That old stock-market mantra “Sell in May and go away,” looked to negate itself again Monday when all three major benchmarks closed solidly higher with the S&P 500 (SPX) notching its best finish of the year and now sitting just shy of its all-time high.
In the early going, the arrows on SPX, the Dow Jones Industrials (DJIA) and the Nasdaq (COMP) all pointed upward in what some analysts depicted as a sigh of relief after Friday’s weak jobs numbers and Fed talk narrowed the likelihood of a Federal Reserve hike in interest rates this summer. Energy stocks led the way on the SPX.
The CME Group Fed Funds tool, which tracks options on changes in U.S. monetary policy, has seen its prospects for a June hike dive big time, sitting now at a mere 4%. A week ago, it was at 32%. July’s expectations are only at 27% compared with better than 60% a little more than a week ago. The first time the outlook tips above 50% is for an increase in November, though it is only a 51% probability, according to CME.
Much of that appears to have been nourished by Fed Chair Janet Yellen, who gave the markets a lift yesterday when she delivered a slightly more hawkish speech—likely her last before next week’s FOMC meeting—by noting that though the jobs numbers were “disappointing,” one month does not make a trend. “Although this recent labor market report was, on balance, concerning, let me emphasize that one should never attach too much significance to any single monthly report,” she said. “Other timely indicators from the labor market have been more positive,” she added, noting that the number of people filing unemployment claims “remains quite low.” To be sure, she does expect interest rates to rise but stopped short Monday of giving a timeframe.
Oil prices also appeared to be in rally mode after attacks on pipelines in Nigeria helped drive gains though Yellen’s tone calmed earlier advances yesterday. West Texas Intermediate (CLN6) climbed 2.2% to settle at $49.69 a barrel, its highest point since November. In early trading today, oil prices were higher better than 1%. Since January, prices are up nearly 60%.

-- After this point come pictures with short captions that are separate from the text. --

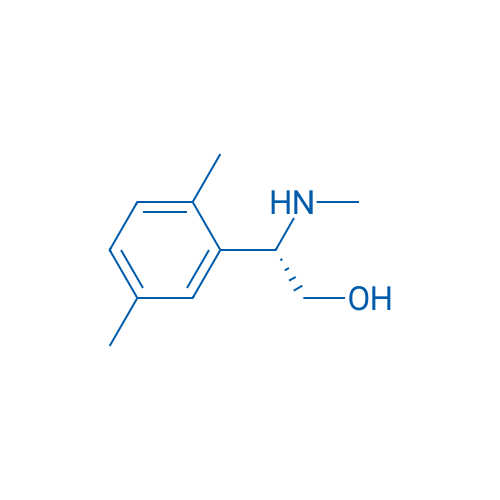 (S)-2-(2,5-Dimethylphenyl)-2-(methylamino)ethan-1-ol 1g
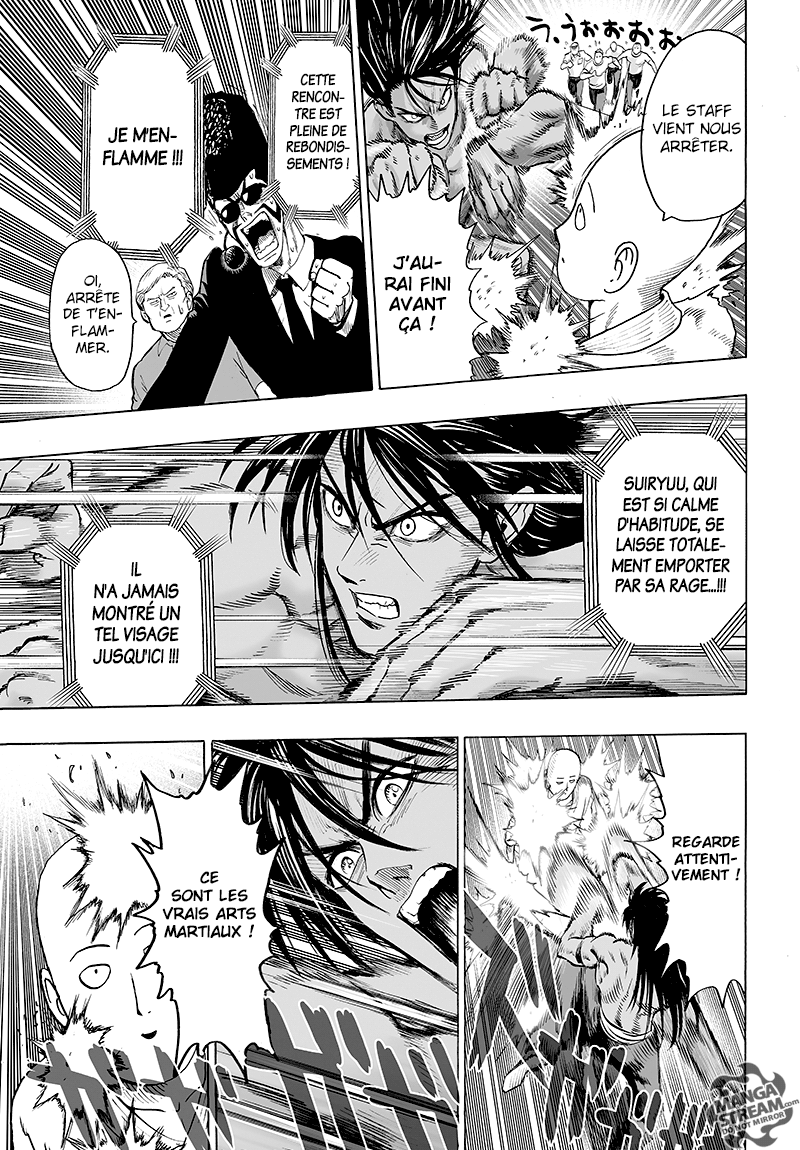Read One Punch Man vf Manga Online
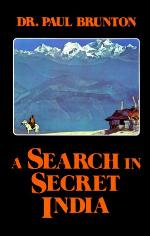 A Search in Secret India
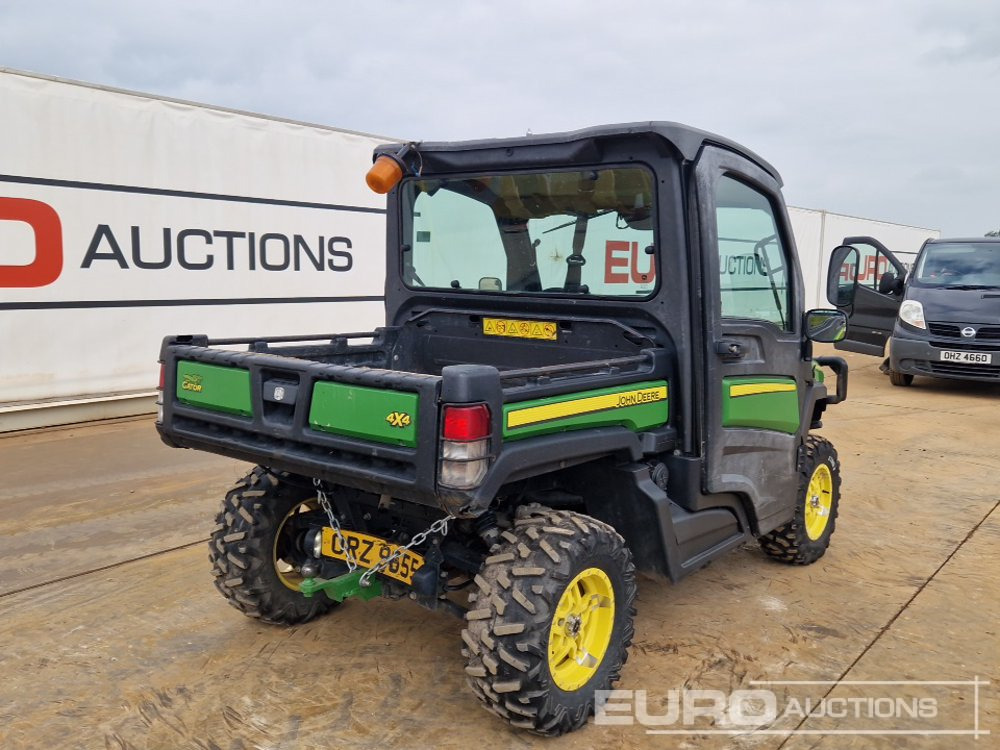 2018 John Deere XUV865M - Fyrhjuling: bild 5 2018 John Deere XUV865M - Fyrhjuling: bild 5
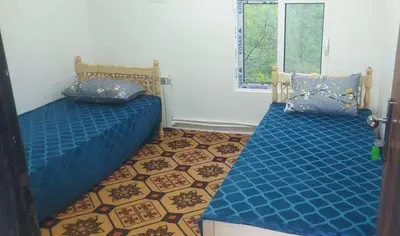 بومگردی رودخانه کوهستان - واحد 2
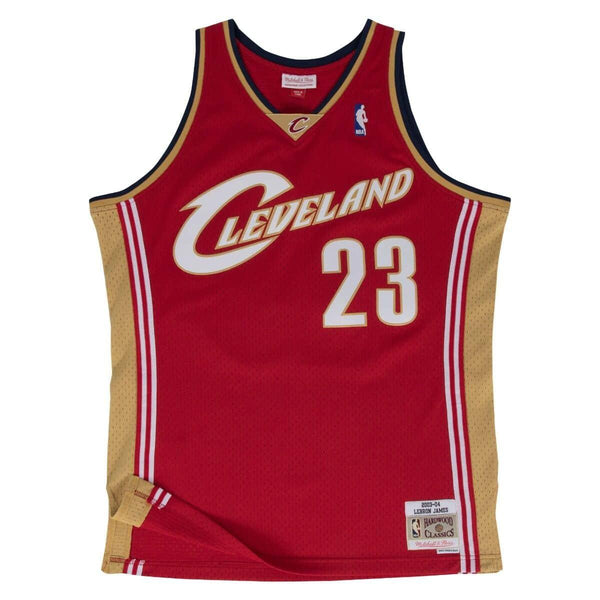 Mitchell & Ness Swingman Jersey Cleveland Cavaliers Road 2003-04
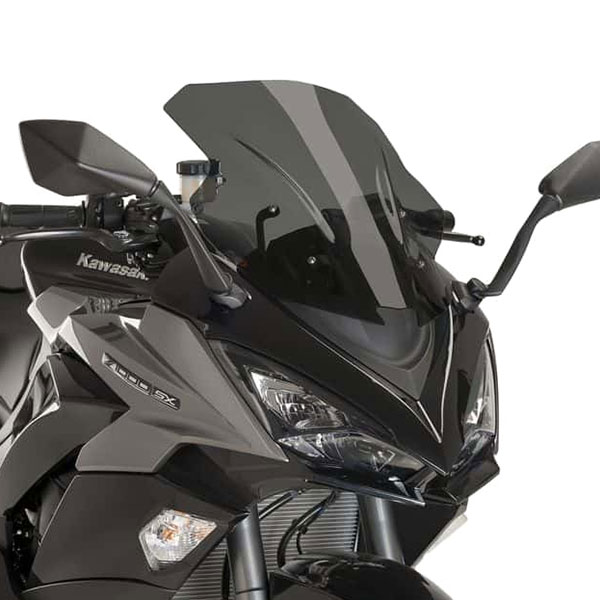 Z1000sx windshield shop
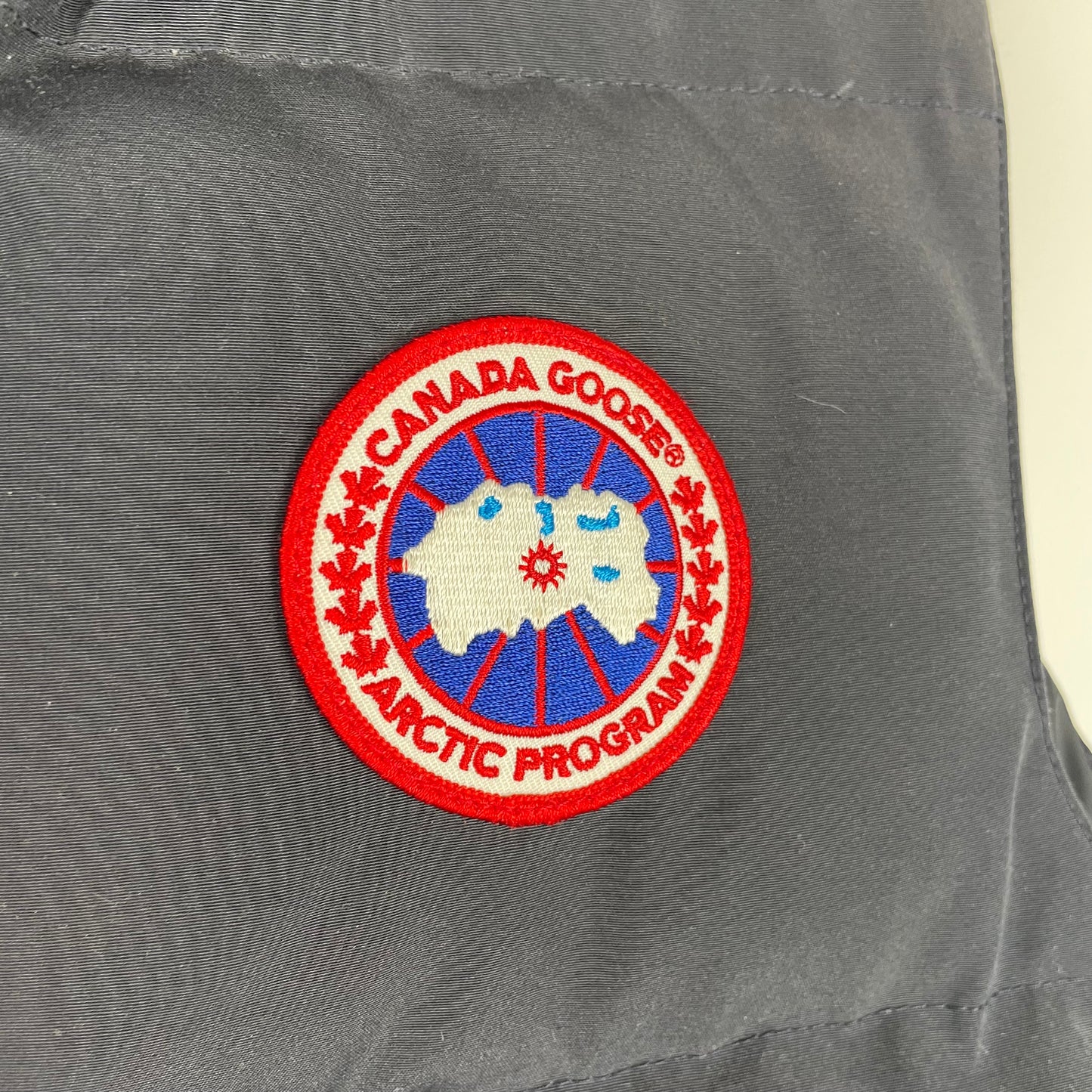 Canada Goose Navy Freestyle Gilet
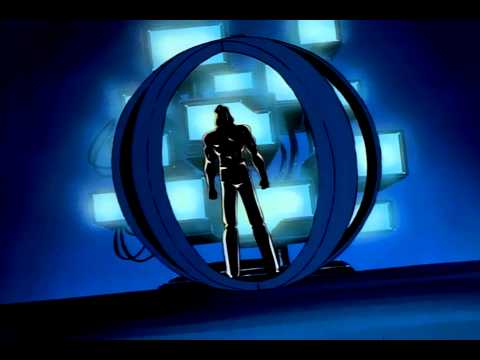 Iron Man TAS Intro 2 (1080p HD)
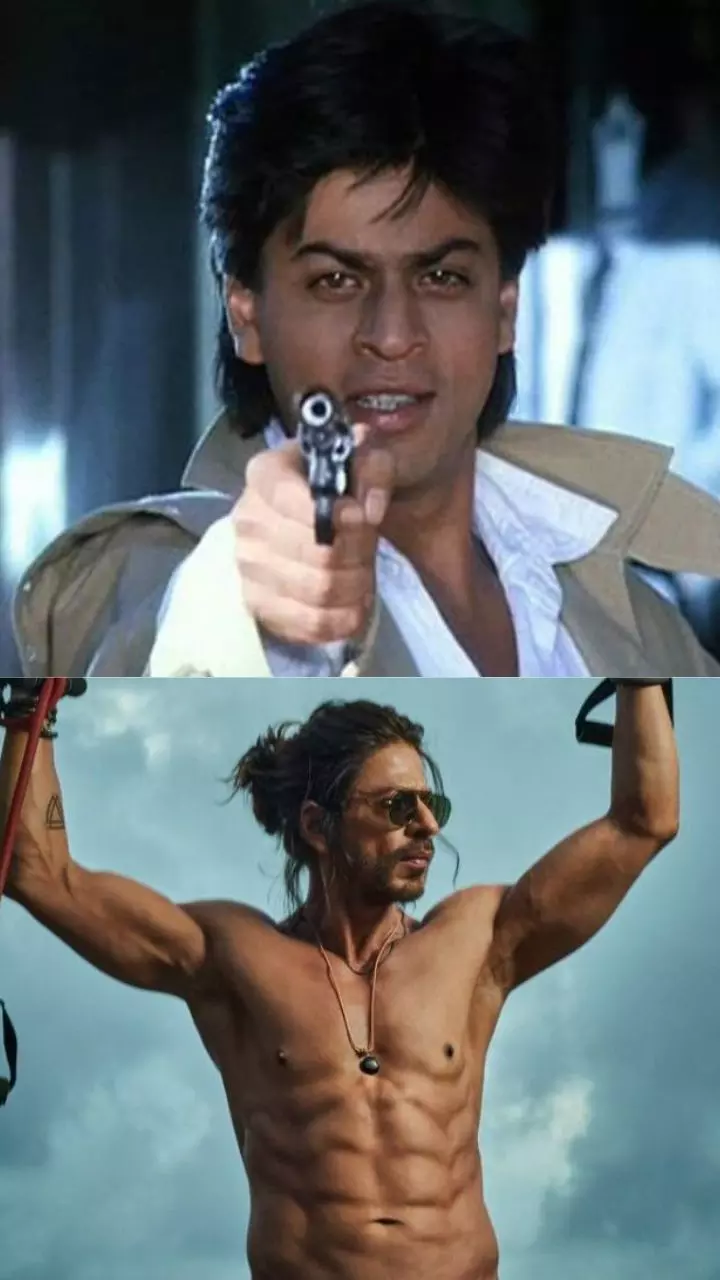 Ten Iconic Shah Rukh Khan Films That Defined His Stardom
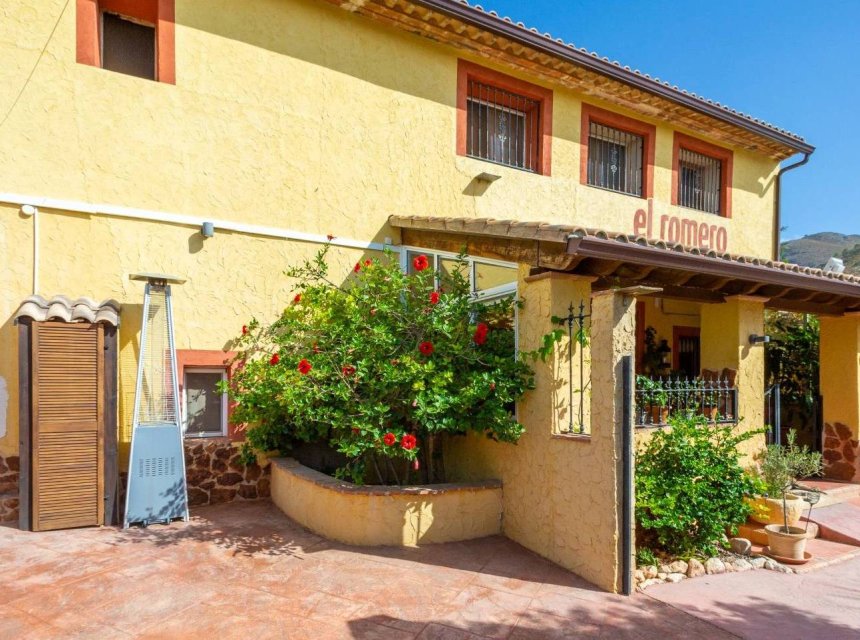 Resale - Country Property -
Alicante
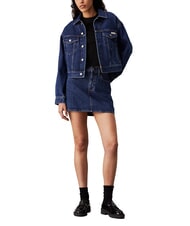 CALVIN KLEIN CK JEANS Chaqueta vaquera Pacífico - Chaquetas de mujer - 4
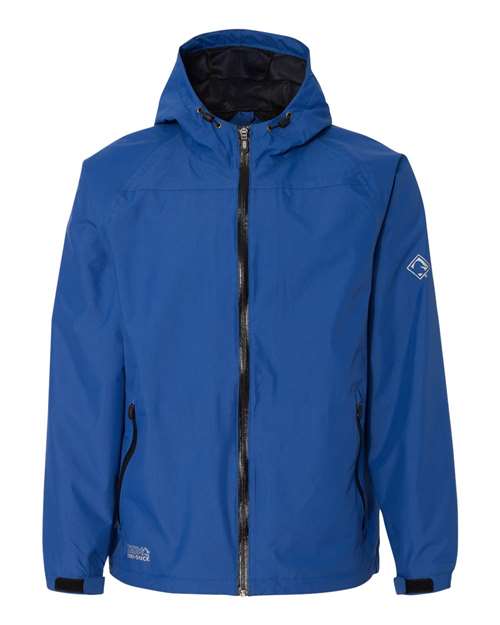 Unisex Torrent Waterproof Hooded Jacket - 3324
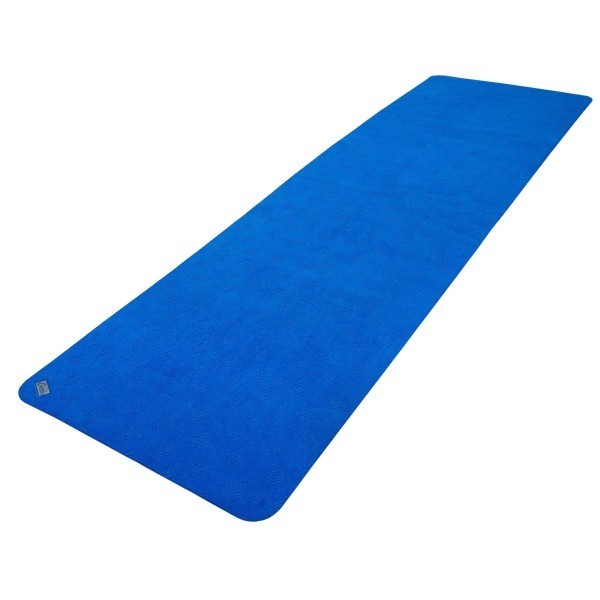 Conni Anti-Slip Floor Mat Marathon Runner Royal Blue 90cm x 300cm
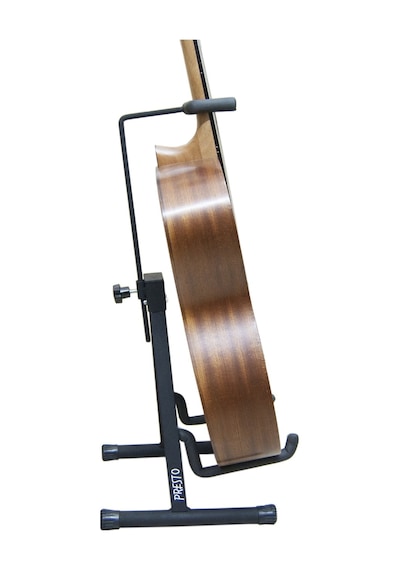 Presto Prs01-Sd Sap Dayamalı Gitar Standı Sehpası ve Gitar Askısı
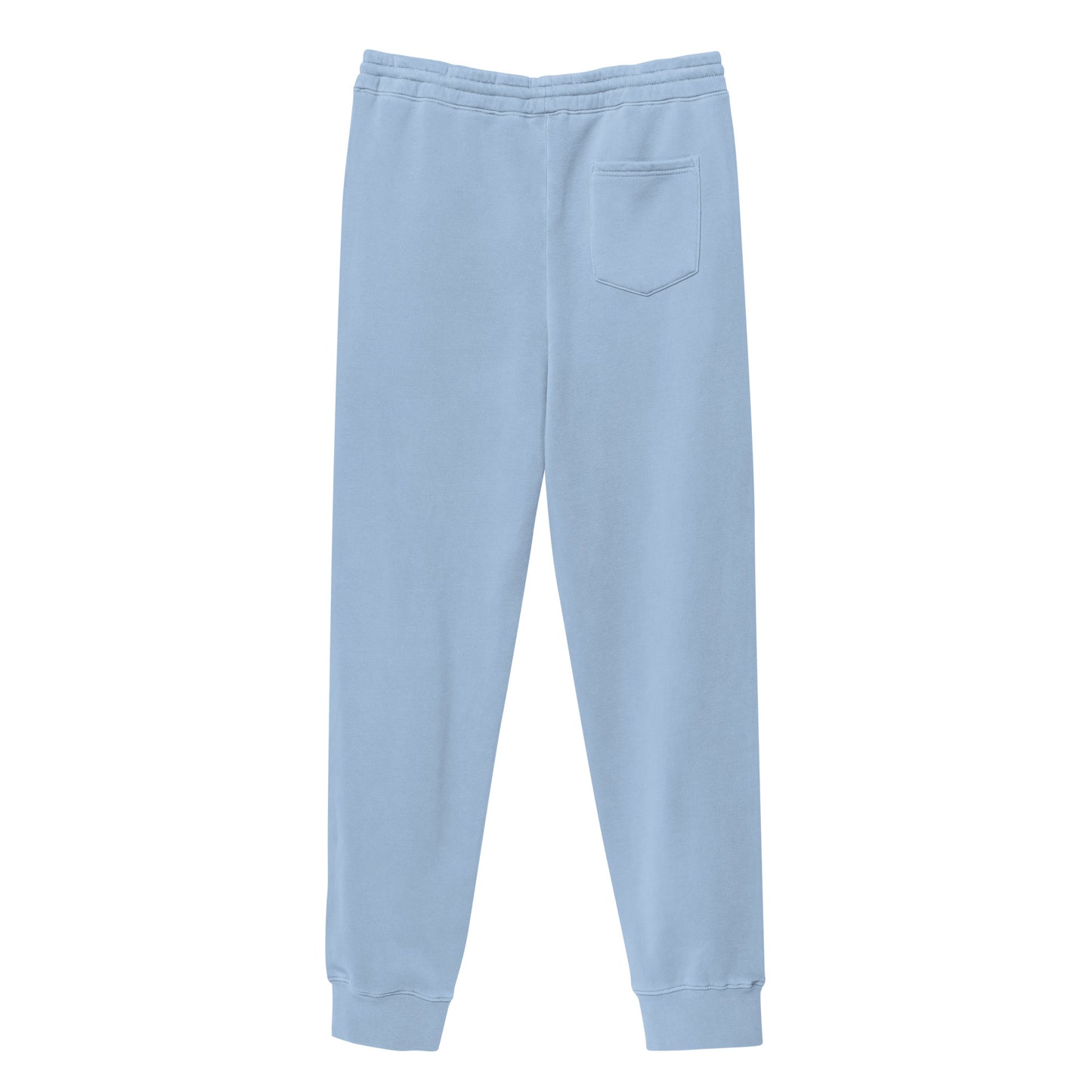 
                  
                    Black Unisex Pigment-Dyed Sweatpants | Comfortable and Stylish Loungewear by Phoebo
                  
                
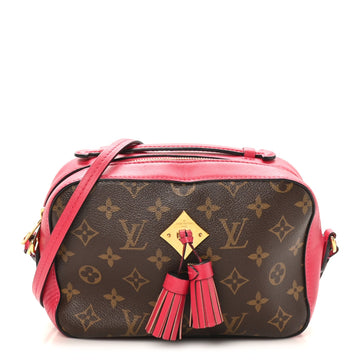 Louis Vuitton Saintonge Freesia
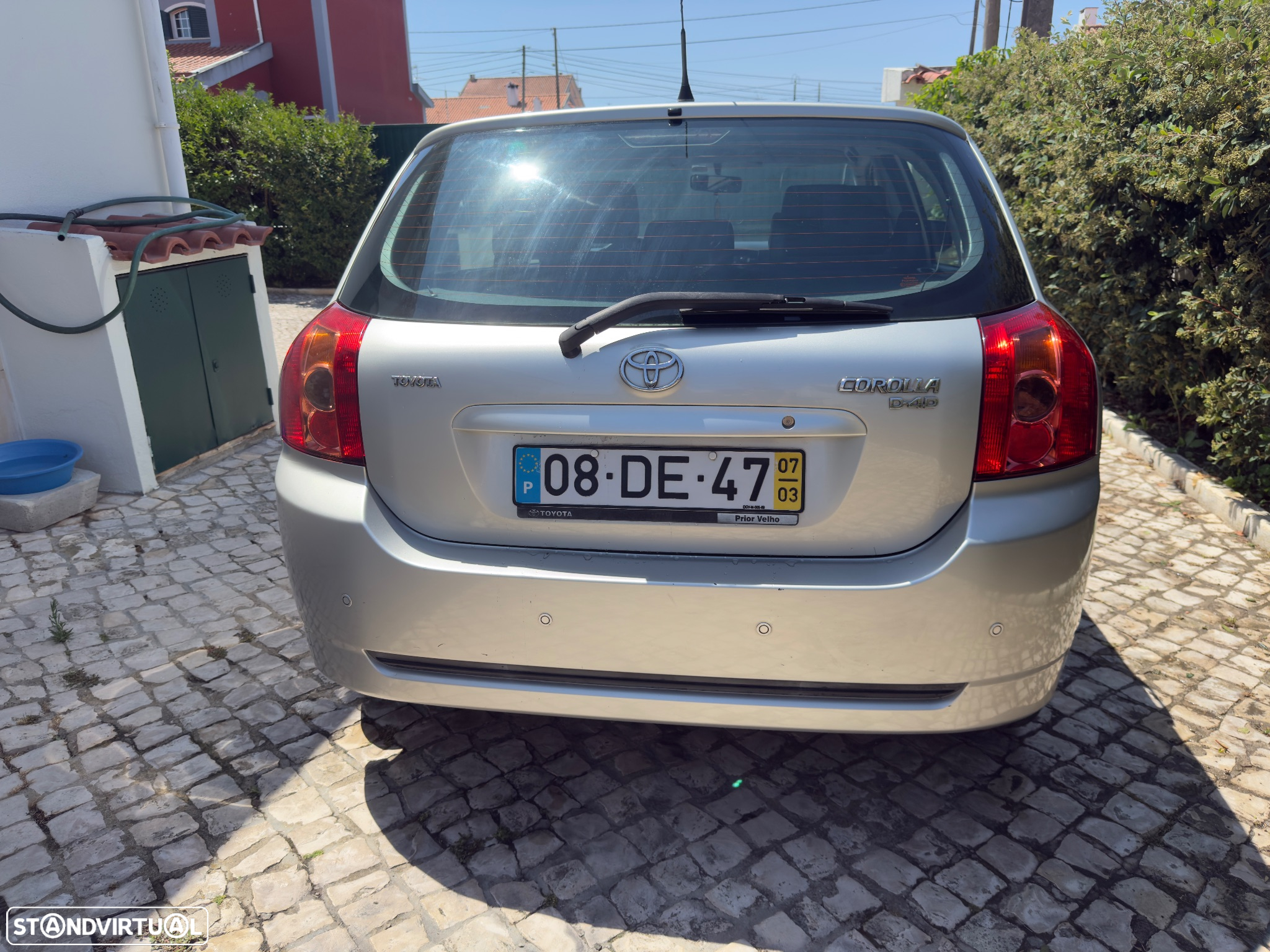 Toyota Corolla 1.4 D-4D - 7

JDs Worth More. Here’s welcoming news for recent graduates with law degrees: The New York Times reports that Cravath, Swaine & Moore, one of the legal industry's most elite law firms, upped its annual pay for its first-year lawyers to $180,000, from $160,000. It’s the first pay hike for entry-level lawyers in nearly a decade, NYT says, and may be a catalyst for other firms to do the same given the level of competition for the best and the brightest. While salary levels may be seen as a benchmark of a firm’s degree of success, this move also underscores the escalating costs of living in the Big Apple, according to NYT.